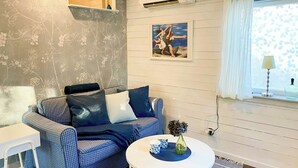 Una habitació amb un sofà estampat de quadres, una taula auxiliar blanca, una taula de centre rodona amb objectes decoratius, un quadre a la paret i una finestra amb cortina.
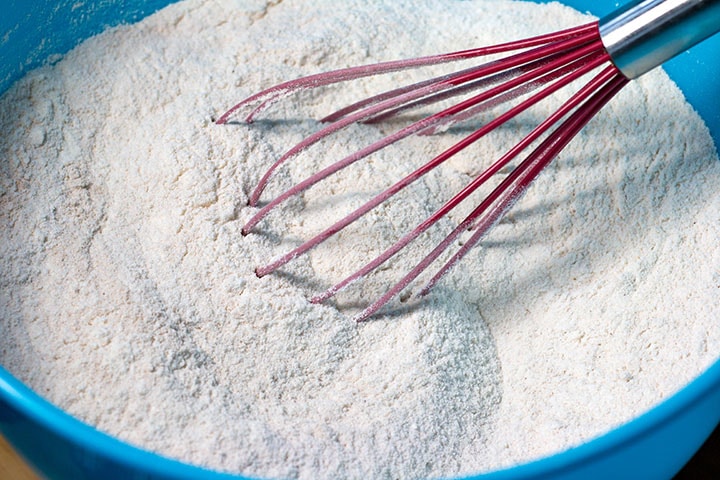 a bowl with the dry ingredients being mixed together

======

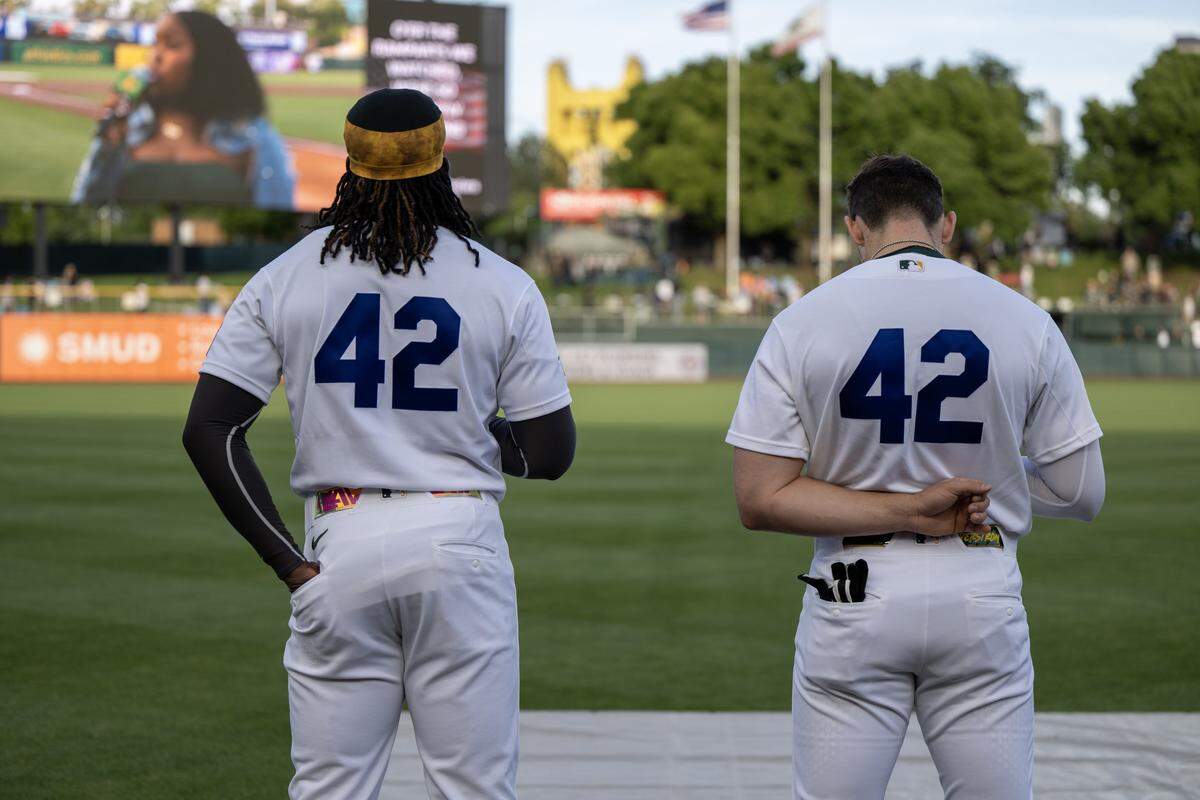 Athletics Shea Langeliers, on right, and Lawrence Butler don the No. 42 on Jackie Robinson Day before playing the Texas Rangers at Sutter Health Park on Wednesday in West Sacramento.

======

Return only the stretch above from the line containing "Una habitació amb" through the line containing "a bowl with", word for word and without pictures.

 Una habitació amb un sofà estampat de quadres, una taula auxiliar blanca, una taula de centre rodona amb objectes decoratius, un quadre a la paret i una finestra amb cortina.
 a bowl with the dry ingredients being mixed together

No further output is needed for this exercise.